With samples you will understand better:

  • ZFS over Raid1, one disk have a bit changed when was not powered off... pry all you know, ZFS will see some damage or not depending what disk is readed (Raid controller did not see that bit changed and think both disks are OK)... if the fail is in the VDEV part... the whole ZPOOL looses all its data forever.
  • ZFS over Raid0, one disk have a bit changed when was not powered off... pry all you know, (Raid controller did not see that bit changed and think both disks are OK)... ZFS will see that damage but if the fail is in the VDEV part... the whole ZPOOL looses all its data forever.

Where ZFS is good is in detecting Bits that changed when disk where without power (RAID controllers can not do that), also when something changes without been asked to, etc.

It is the same problem as when a bit in a RAM module spontaneously changes without being asked to... if memory is ECC, memory corrects it self; if not, that data had changed, so that data will be sent to disks modified; pry that change is not on the UDEV part, if the fail is in the VDEV part... the whole ZPOOL looses all its data forever.

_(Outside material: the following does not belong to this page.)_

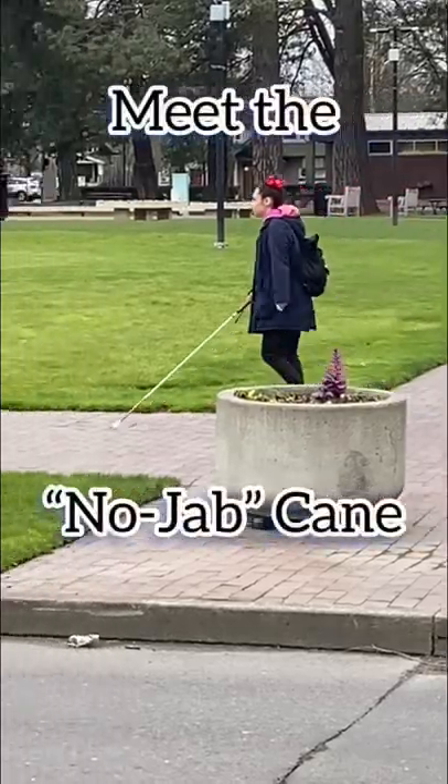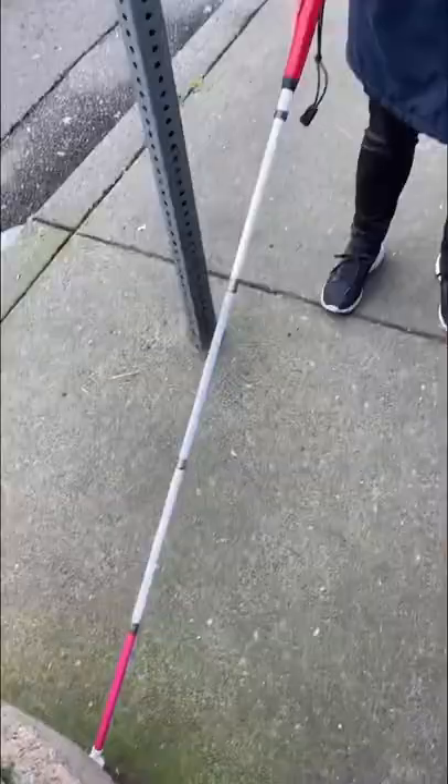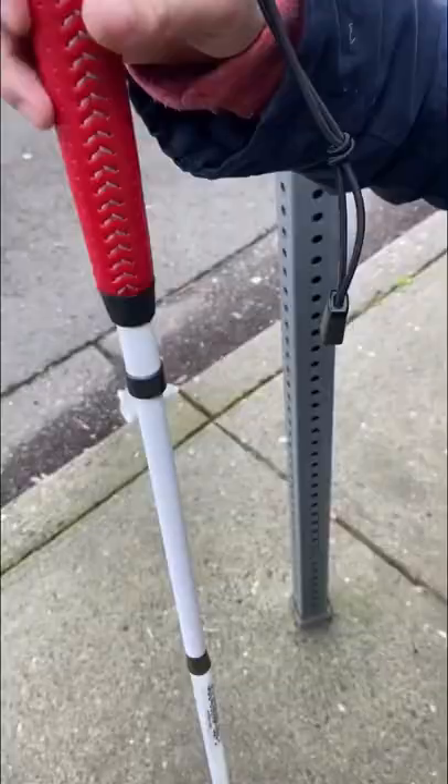That badass stick right there is called a no jab cane. Sometimes when us blind folk are out there walking around, our canes bump into things and get stuck in cracks and they jab us in the gut or the rib cage. The handle, which is genuine leather by the way, is spring-loaded so that when my cane bumps into things there's a little bit of a bounce.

That is a weakness on ZFS... VDEVs fails implies all data get lost for ever.

Hardware Raid and Software Raid can not detect spontaneous bit changes, they do not have checksums, worst on Raid1 levels (mirros), they read not all parts and compare them, they supose all parts will allways have the same data, ALLWAYS (i say it loudly) Raid suposes data has not changed by any other thing/way... but disks (as memory) are prone to spontaneous bit changes.

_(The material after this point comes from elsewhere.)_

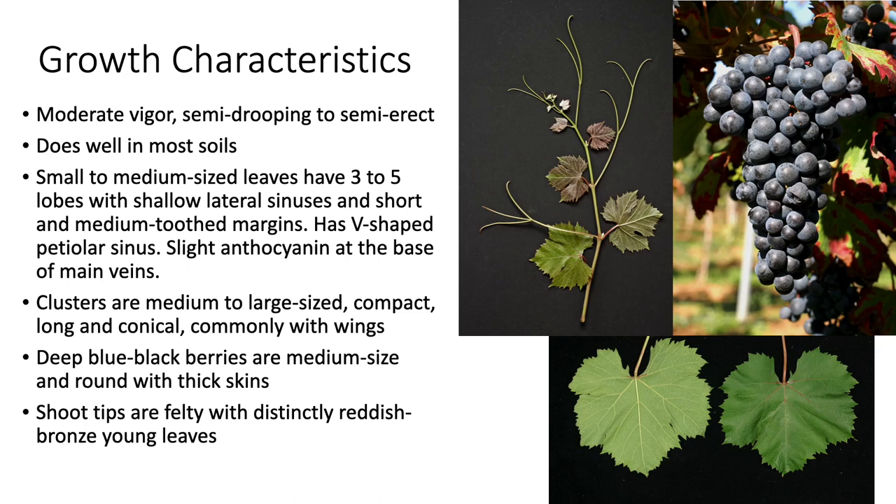Dolcetto is a moderately vigorous vine with a semi-drooping or semi-erect habit. It does well in most soils. It has small to medium-sized leaves that have three to five lobes with shallow lateral sinuses and short and medium tooth margins. It has a V-shaped petiolar sinus, with a slight amount of anthocyanin at the base of its major veins. Clusters are medium to large size, compact, long, and conical, and commonly have wings. The clusters have deep blue-black berries that are medium-sized and round with thick skins. Its shoot tips are felty with a distinctly reddish-bronze color to the young leaves, as seen here in this photograph.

Never ever use a ZFS on a non-ECC RAM and never ever use ZFS on raided disks, let ZFS see all the disks, do not add a layer that can ruin your VDEV and POOL.

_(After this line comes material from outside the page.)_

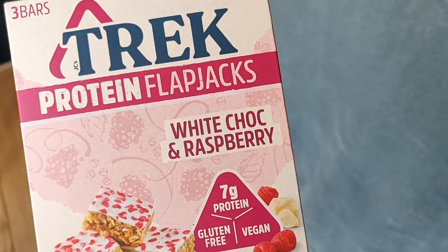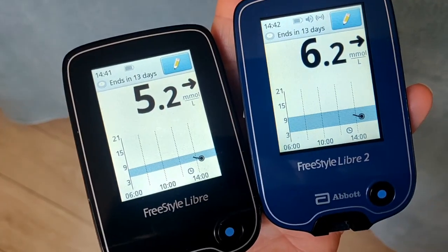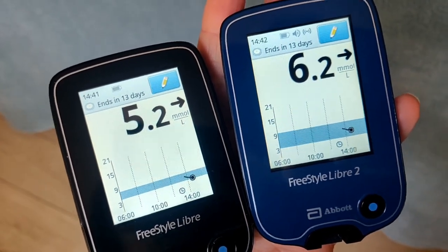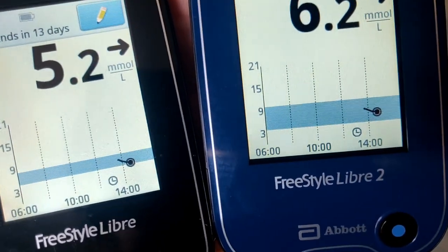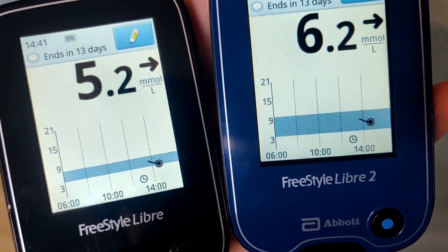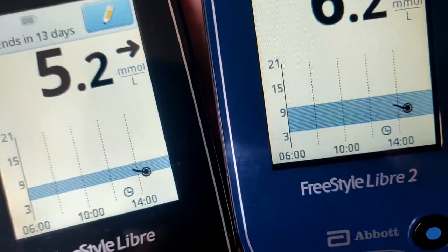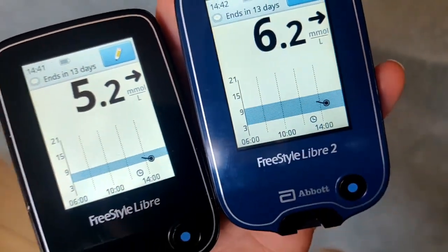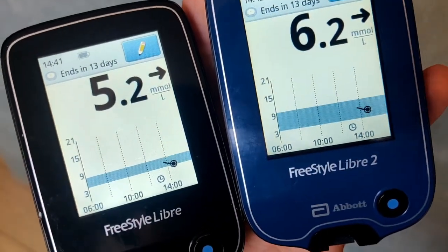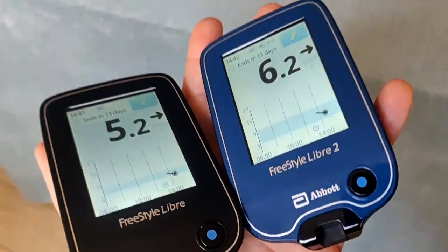Around 3 o'clock I'm having a Trek bar — gluten free and vegan, 20 grams of carbs. Checking blood sugar on both first: Libre 1 says 5.2, Libre 2 says 6.2. One unit difference doesn't really mean much. I did notice my whole graph has disappeared — I think this is because I corrected the time on both monitors. So a tip: if you reset the time, the whole graph for the rest of the day disappears on both. A bit annoying, but the readings are still accurate.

How to simulate such fail... power off the PC, took out one disk of that Raid1 and alter only one bit... reconect and see how Raid controller can not know that has changed... ZFS can because all reads are tested against the checksum and if does not match, read form another part... Raid never read again because a fail (except hardware impossible read fails)... if Raid can read it thinks data is OK (but it is not on such cases)... Raid only try to read from another disk if where it reads says "hey, i can not read from there, hardware fail"... ZFS read from another disk if checksum does not match as also as if where it reads says "hey, i can not read from there, hardware fail".

Hope i let it very clear... ZFS over any level of Raid is a toal pain and a total risk to your data! as well as ZFS on non-ECC memories.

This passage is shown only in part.